[Cinci-nfb] Google Self-Driving Car Pulled Over by Police

Rachel Kuntz rachelrkuntz at gmail.com
Fri Nov 13 14:20:50 UTC 2015


Thanks for sharing this story. I am left with one question. How does one pull over a car with no driver? I bet patrolman never thought they would have to answer that question.

Warmly,
Rachel Kuntz

> On Nov 13, 2015, at 8:46 AM, Deborah Kendrick via Cinci-nfb <cinci-nfb at nfbnet.org> wrote:
> 
> The self-driving pod caught the attention of traffic police while it was trundling down a street in California.
> 
> Google
> 
> Police pulled over one of Google's self-driving cars on Thursday for driving slowly in Mountain View, California, where the company has its headquarters -- but there was no traffic infraction.
> 
> The cartoonishly curvacious vehicle was driving 24 miles per hour in a 35 mph zone, police said, and was pulled over after a traffic officer noticed traffic backing up behind it.
> 
> "As the officer approached the slow moving car he realized it was a Google autonomous vehicle," Mountain View Police Department wrote in a blog post. "The officer stopped the car and made contact with the operators to learn more about how the car was choosing speeds along certain roadways and to educate the operators about impeding traffic per 22400(a) of the California Vehicle Code."
> 
> The auto and computing industries believe self-driving cars are the future.

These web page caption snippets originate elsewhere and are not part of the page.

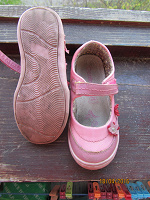 Отдается в дар детская обувь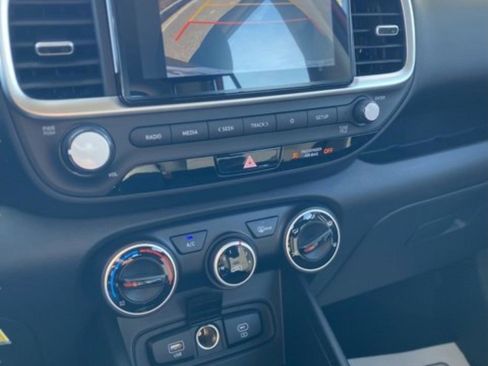 New 2026 Hyundai Venue SE FWD image 23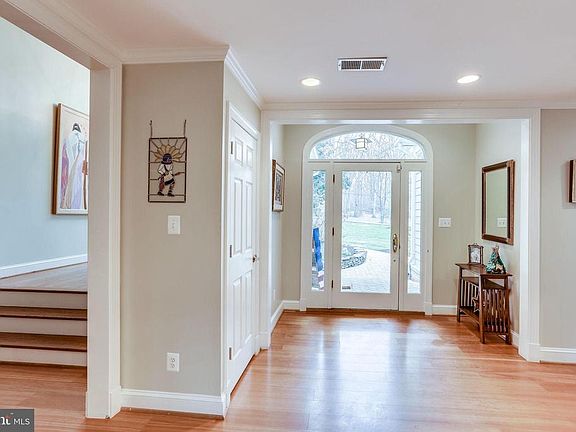 3rd image of 4300 Woodlark Dr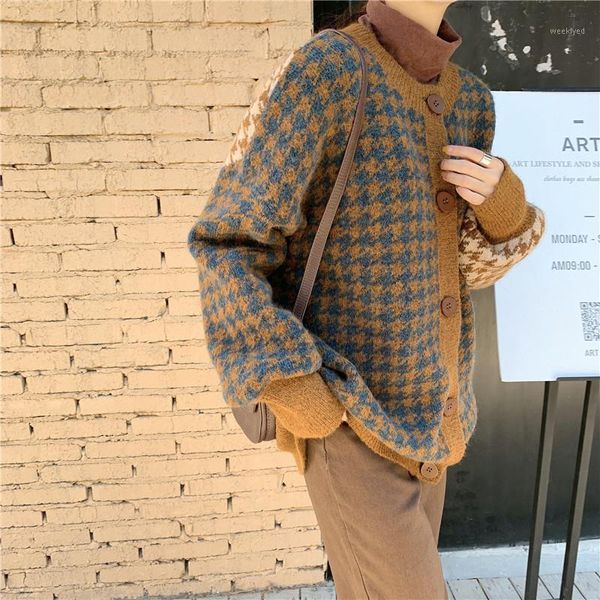 women autumn winter elegant houndstooth loose sweater long sleeve patchwork knitted cardigan coat jacket single breasted outwear1, White
women autumn winter elegant houndstooth loose sweater long sleeve patchwork knitted cardigan coat jacket single breasted outwear1, White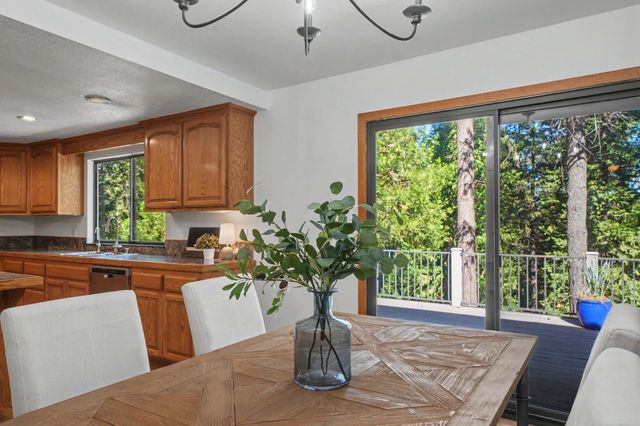 22401 Shake Ridge Rd, Volcano, CA 95689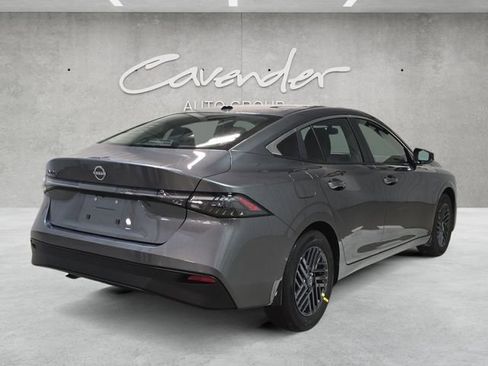 New 2026 Nissan Sentra SV FWD image 16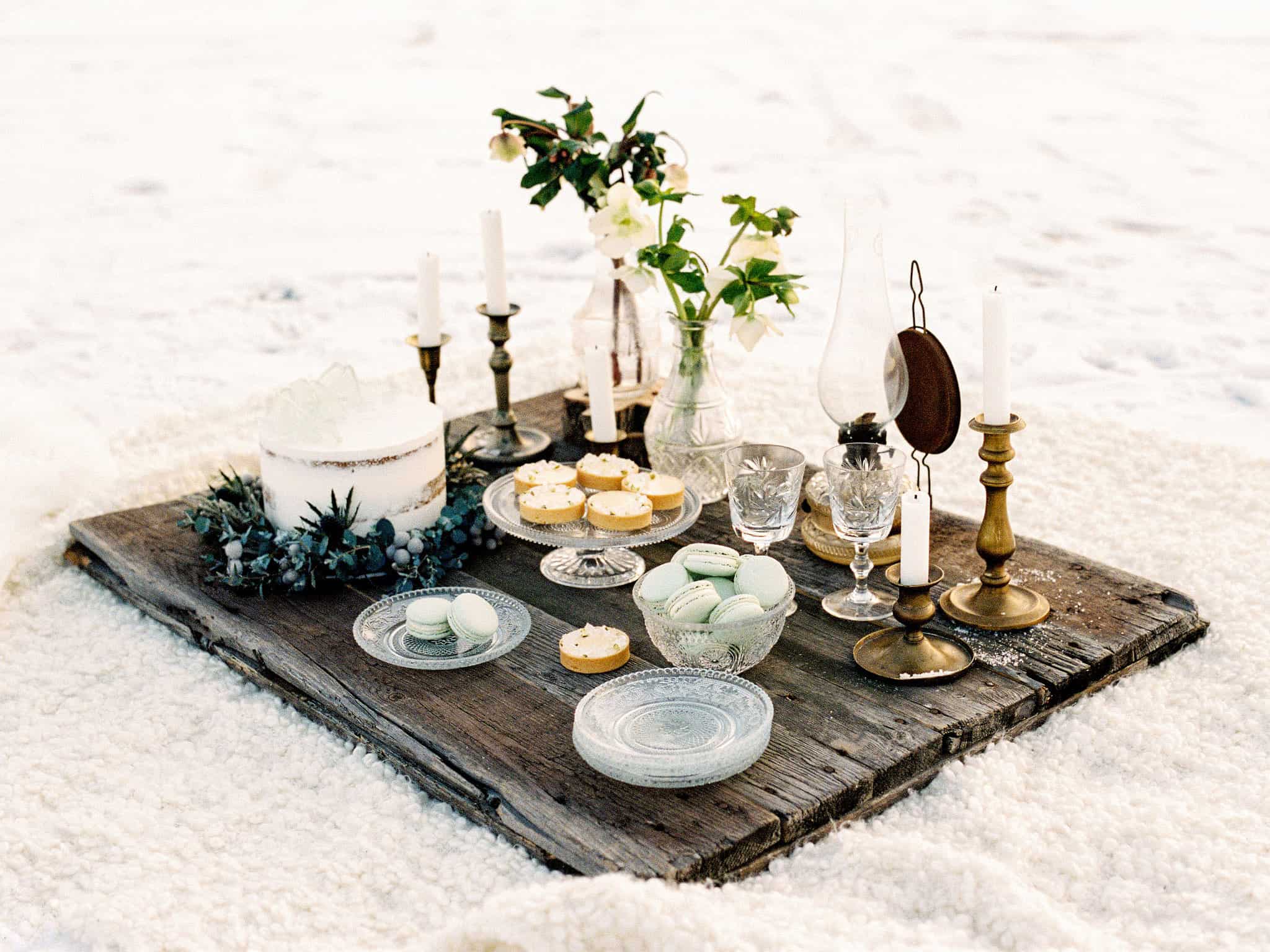 51_wedoverhills_winter_wedding_picnic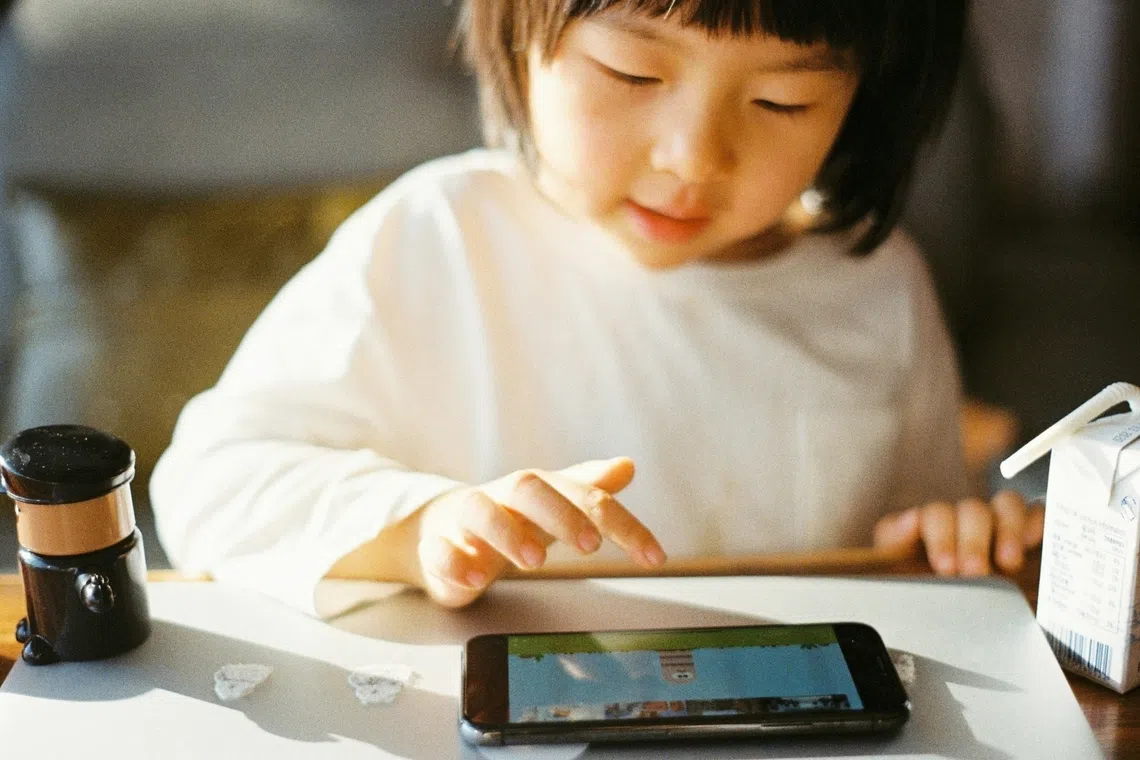 The report also found an association between mothers’ smartphone use and their children’s smartphone use.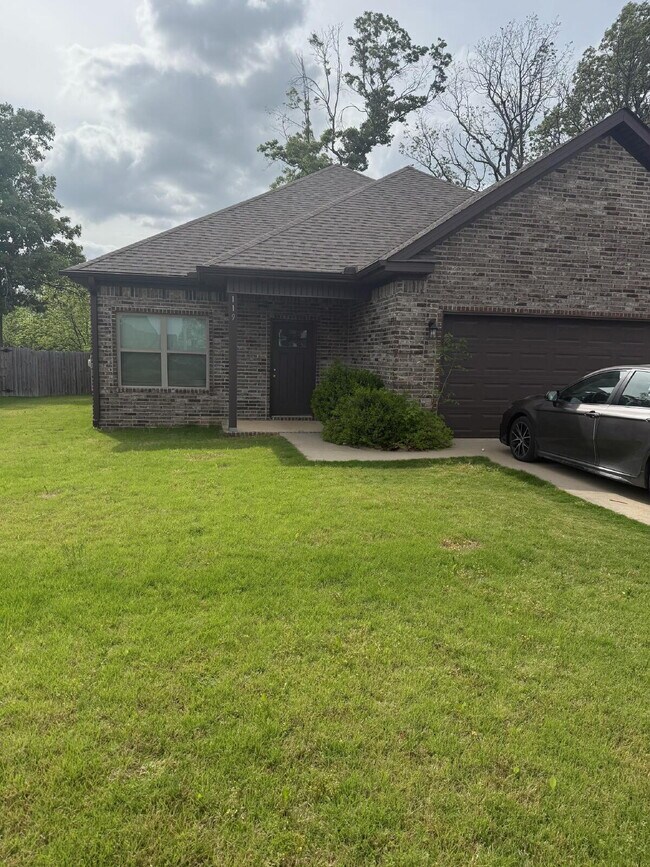 Building Photo - 119 Brookvale Cir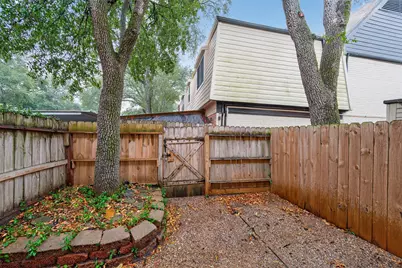 5231 Arboles Drive, Houston, TX 77035 - Photo 22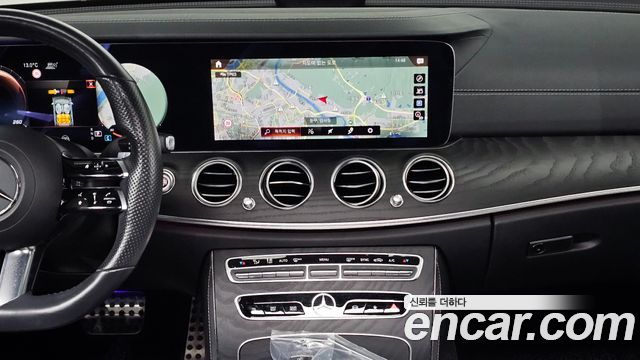Mercedes-Benz E-Class 2021 — photo 20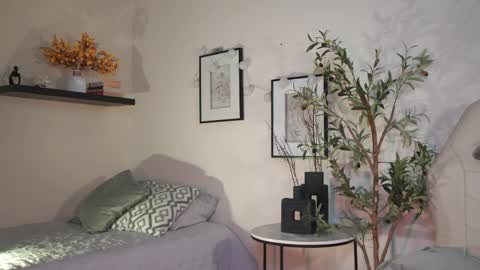 Snapshot of isa_____ chatting on 05-13-26, 12:19 isa_____ online show from 05-13-26, 12:19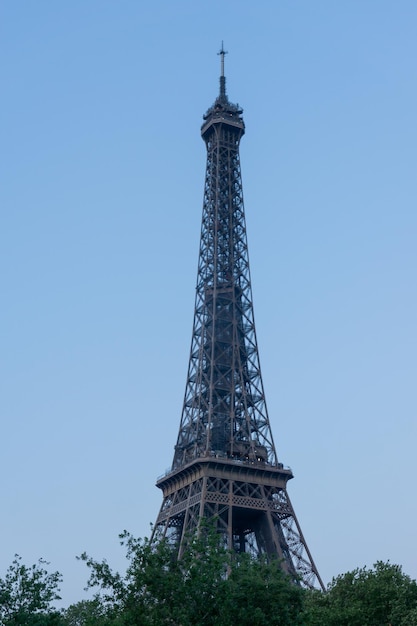 Parte della Torre Eiffel a Parigi con il cielo blu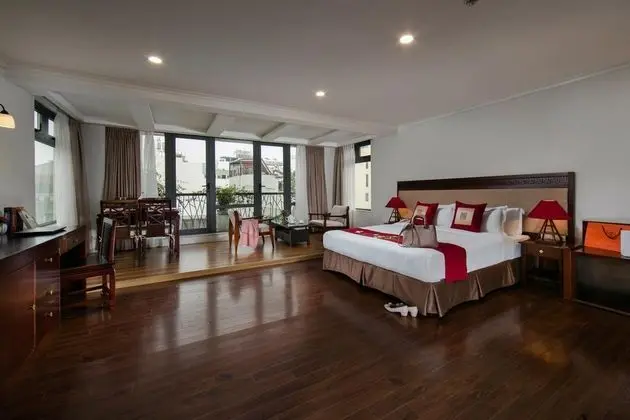 Suit With Balcony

But developing the technology is only one step along the road. Drivers, legislators and engineers also will have to reckon with issues like car-crash ethical choices, insurance coverage and, as here, law enforcement. For traffic violations, Google has said the company itself should be responsible for tickets.
> 
> Prototypes of Google's self-driving bubble cars are not an uncommon sight on roads in Mountain View. But the company is not alone in experimenting with autonomous vehicles -- many automakers are currently researching their own self-driving vehicles. Toyota has said that it hopes to make self-driving cars commercially available by 2020, and MIT's Kevin Ashton, who divined the concept of network-connected objects known as the Internet of Things, this week predicted the vehicles will be commonplace by 2030.